[<prev] [next>] [<thread-prev] [thread-next>] [day] [month] [year] [list]
Message-ID: <6db57eb9-13eb-db70-3afa-64b7c074aa7f@netronome.com>
Date: Wed, 11 Apr 2018 16:42:21 +0100
From: Quentin Monnet <quentin.monnet@...ronome.com>
To: Alexei Starovoitov <alexei.starovoitov@...il.com>
Cc: daniel@...earbox.net, ast@...nel.org, netdev@...r.kernel.org,
oss-drivers@...ronome.com, linux-doc@...r.kernel.org,
linux-man@...r.kernel.org
Subject: [RFC bpf-next v2 2/8] bpf: add documentation for eBPF helpers (01-11)
2018-04-10 10:56 UTC-0700 ~ Alexei Starovoitov
<alexei.starovoitov@...il.com>
> On Tue, Apr 10, 2018 at 03:41:51PM +0100, Quentin Monnet wrote:
>> Add documentation for eBPF helper functions to bpf.h user header file.
>> This documentation can be parsed with the Python script provided in
>> another commit of the patch series, in order to provide a RST document
>> that can later be converted into a man page.
>>
>> The objective is to make the documentation easily understandable and
>> accessible to all eBPF developers, including beginners.
>>
>> This patch contains descriptions for the following helper functions, all
>> written by Alexei:
>>
>> - bpf_map_lookup_elem()
>> - bpf_map_update_elem()
>> - bpf_map_delete_elem()
>> - bpf_probe_read()
>> - bpf_ktime_get_ns()
>> - bpf_trace_printk()
>> - bpf_skb_store_bytes()
>> - bpf_l3_csum_replace()
>> - bpf_l4_csum_replace()
>> - bpf_tail_call()
>> - bpf_clone_redirect()
>>
>> Cc: Alexei Starovoitov <ast@...nel.org>
>> Signed-off-by: Quentin Monnet <quentin.monnet@...ronome.com>
>> ---
>> include/uapi/linux/bpf.h | 199 +++++++++++++++++++++++++++++++++++++++++++++++
>> 1 file changed, 199 insertions(+)
>>
>> diff --git a/include/uapi/linux/bpf.h b/include/uapi/linux/bpf.h
>> index 45f77f01e672..2bc653a3a20f 100644
>> --- a/include/uapi/linux/bpf.h
>> +++ b/include/uapi/linux/bpf.h
>> @@ -381,6 +381,205 @@ union bpf_attr {
>> * intentional, removing them would break paragraphs for rst2man.
>> *
>> * Start of BPF helper function descriptions:
>> + *
>> + * void *bpf_map_lookup_elem(struct bpf_map *map, void *key)
>> + * Description
>> + * Perform a lookup in *map* for an entry associated to *key*.
>> + * Return
>> + * Map value associated to *key*, or **NULL** if no entry was
>> + * found.
>> + *
>> + * int bpf_map_update_elem(struct bpf_map *map, void *key, void *value, u64 flags)
>> + * Description
>> + * Add or update the value of the entry associated to *key* in
>> + * *map* with *value*. *flags* is one of:
>> + *
>> + * **BPF_NOEXIST**
>> + * The entry for *key* must not exist in the map.
>> + * **BPF_EXIST**
>> + * The entry for *key* must already exist in the map.
>> + * **BPF_ANY**
>> + * No condition on the existence of the entry for *key*.
>> + *
>> + * These flags are only useful for maps of type
>> + * **BPF_MAP_TYPE_HASH**. For all other map types, **BPF_ANY**
>> + * should be used.
>
> I think that's not entirely accurate.
> The flags work as expected for all other map types as well
> and for lru map, sockmap, map in map the flags have practical use cases.
>
Ok, I missed that.
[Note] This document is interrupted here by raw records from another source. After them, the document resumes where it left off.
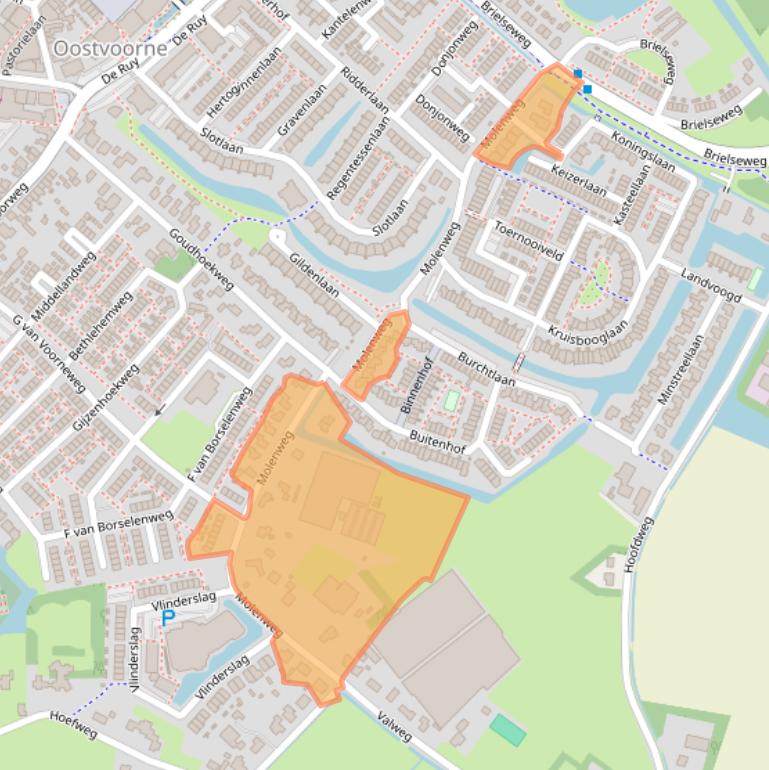 Kaart van postcodegebied 3233AT.
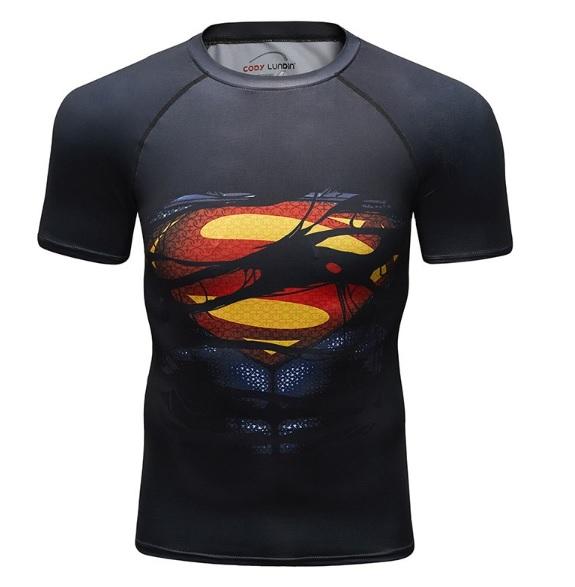 Superman Metropolis "Hero Revealed' Compression Short Sleeve Rashguard-RashGuardStore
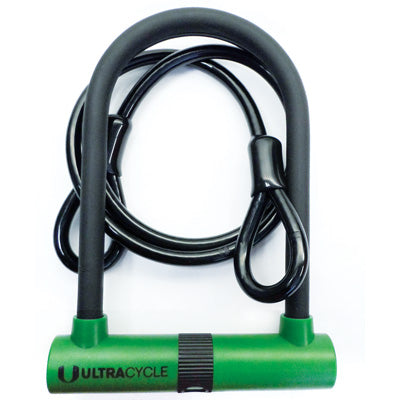 Uc U-Lock,Mini W/Cable 1421 3.5 X 5.5''/4' W/Bracket Mini U-Lock & Cable Ultracycle Locks
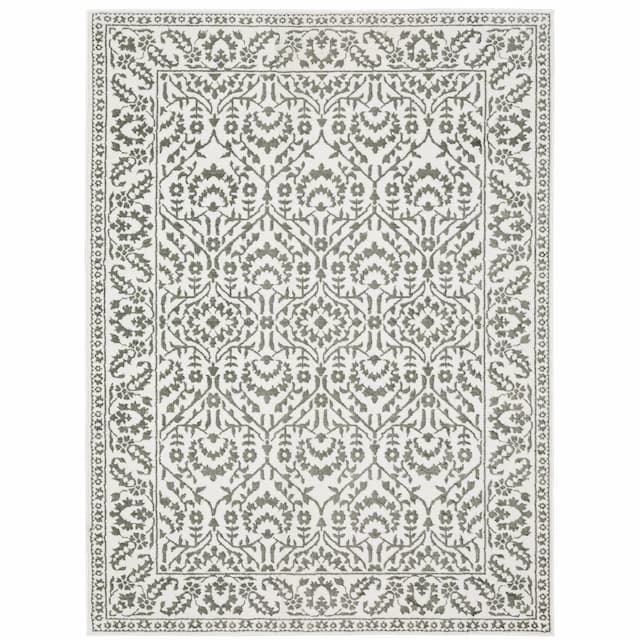 Montecito 2062H Grey/ White Indoor Area Rug - 3'3" x 5'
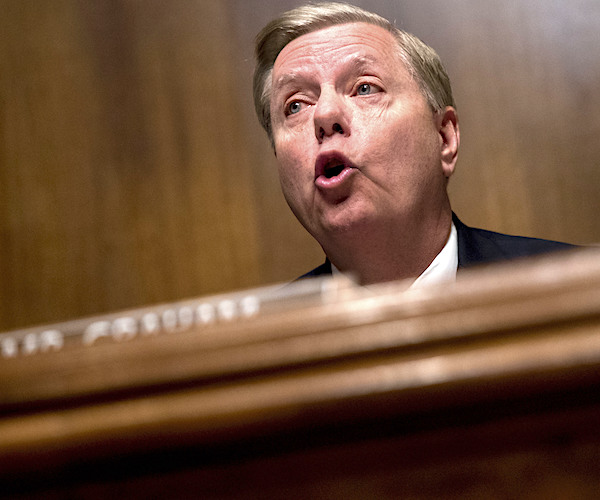 lindsey graham exults during a senate committee hearing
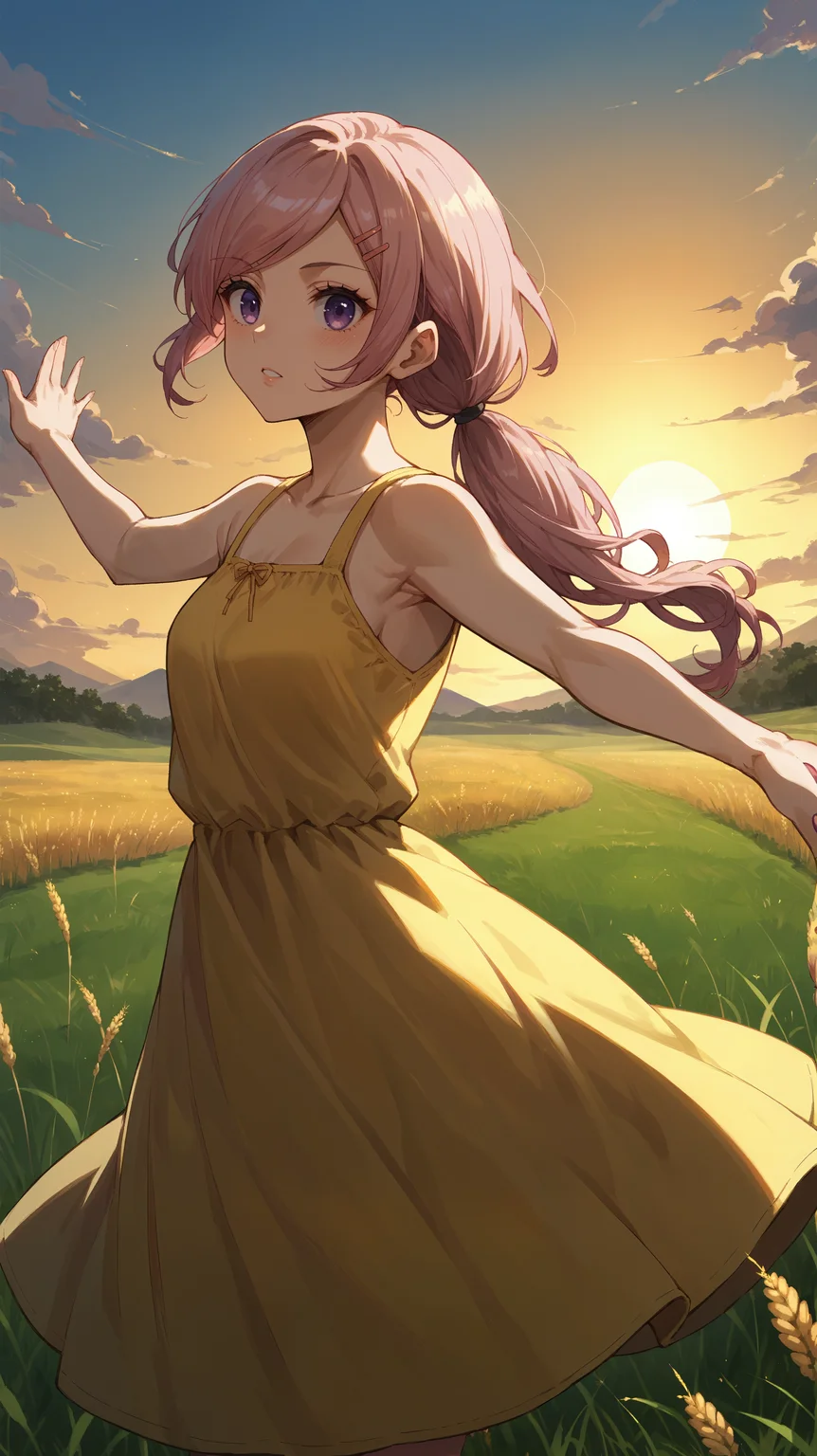 score_9,score_8_up,score_7_up,score_6_up, <lora:xl_more_art-full_v1:0.5>, source_anime, woman, dynamic pose, spread arms <lora:Isabelle - Pony:0.8>, pink hair, curly ponytail, low ponytail, long hair, purple eyes, hairclip, yellow sundress, open field, sunset, wheat field, tall grass,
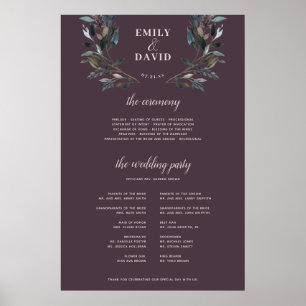 Garden Crest   Mauve Purple Ceremony Program Sign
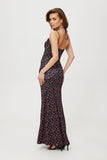 Elegant Printed Tuba-Style Maxi Dress with Neck Tie
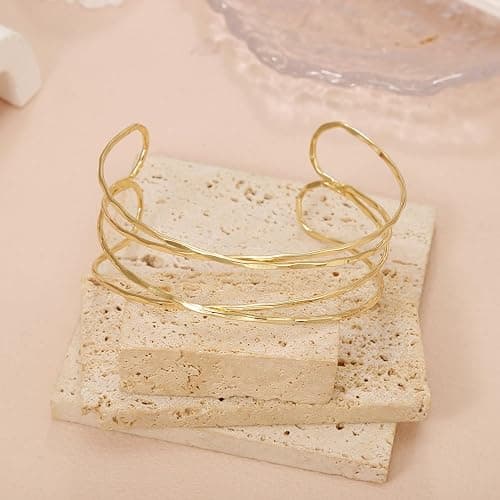 COLOYAN 4PCS Upper Arm Cuff Jewelry for Women, Arm Cuff Gold Silver, Minimalist Arm Cuff Bracelet, Adjustable Coil Armlet thumbnail 7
I have to go back and check how the flags are used
for those maps. I will cook up something cleaner for the next version of
the set.
>> + * Return
>> + * 0 on success, or a negative error in case of failure.
>> + *
[...]
>> + *
>> + * int bpf_trace_printk(const char *fmt, u32 fmt_size, ...)
>> + * Description
>> + * This helper is a "printk()-like" facility for debugging. It
>> + * prints a message defined by format *fmt* (of size *fmt_size*)
>> + * to file *\/sys/kernel/debug/tracing/trace* from DebugFS, if
>> + * available. It can take up to three additional **u64**
>> + * arguments (as an eBPF helpers, the total number of arguments is
>> + * limited to five). Each time the helper is called, it appends a
>> + * line that looks like the following:
>> + *
>> + * ::
>> + *
>> + * telnet-470 [001] .N.. 419421.045894: 0x00000001: BPF command: 2
>> + *
>> + * In the above:
>> + *
>> + * * ``telnet`` is the name of the current task.
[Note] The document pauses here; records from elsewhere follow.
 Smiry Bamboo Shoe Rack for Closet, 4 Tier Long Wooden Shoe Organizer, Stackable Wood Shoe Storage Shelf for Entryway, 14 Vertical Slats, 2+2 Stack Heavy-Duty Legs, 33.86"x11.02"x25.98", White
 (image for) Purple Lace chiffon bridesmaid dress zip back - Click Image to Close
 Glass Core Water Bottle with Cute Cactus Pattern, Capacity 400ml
>> + * * ``470`` is the PID of the current task.
>> + * * ``001`` is the CPU number on which the task is
>> + * running.
>> + * * In ``.N..``, each character refers to a set of
>> + * options (whether irqs are enabled, scheduling
>> + * options, whether hard/softirqs are running, level of
>> + * preempt_disabled respectively). **N** means that
>> + * **TIF_NEED_RESCHED** and **PREEMPT_NEED_RESCHED**
>> + * are set.
>> + * * ``419421.045894`` is a timestamp.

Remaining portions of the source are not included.